Nokia

As further proof of their decline in sales, Nokia Corporation (NYSE:NOK) is no longer listed in the Smartphone Top 5 list.

The list from IDC for third quarter sales shows that Samsung has the lead at number one, while Apple sits at number two. Research In Motion took the place of Nokia Corporation (NYSE:NOK) at number three, ZTE and  HTC hold places four and five respectively.

Kevin Restivo, an analyst for IDC, explains, “Nokia’s share losses have meant gains for competitors. The company’s transition away from Symbian-powered smartphones, to ones shipped with Windows Phone has left ample opportunity for rivals to steal share away from Nokia over the past 18 months. However, the smartphone market is still relatively nascent, which means there’s room for multiple vendors and operating systems to flourish, including Nokia.”

Despite Nokia’s major decline in the United States, the tech company still sits at number two in the global market. They own about 18.7 percent of the market, which is behind Samsung’s 23.7 market share and ahead of Apple’s 6.1 percent.

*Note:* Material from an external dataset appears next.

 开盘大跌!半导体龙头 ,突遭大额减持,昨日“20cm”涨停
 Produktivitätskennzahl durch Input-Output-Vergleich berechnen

Things aren’t looking good for Nokia Corporation (NYSE:NOK), but not all is lost. Even though they may not be able to stay in the United States for very long, they still have a chance to redeem their brand everywhere else.  This isn’t to say that Nokia should completely forget about the US market.  It may take awhile, but if they sit back, do a little research, and study up on their competition, they could make a comeback. Like I said, that could take time, and in their case it may be a little too late.

One analyst for Strategy Analytics, Neil Shaw, said, “Nokia will need to ramp up sharply its Windows Phone volumes if it wants to recapture a top-three smartphone position in the next one to two quarters.”

It’s only a matter of time until Nokia Corporation (NYSE:NOK) comes to terms and makes a few changes. Hopefully, that will happen sooner, rather than later.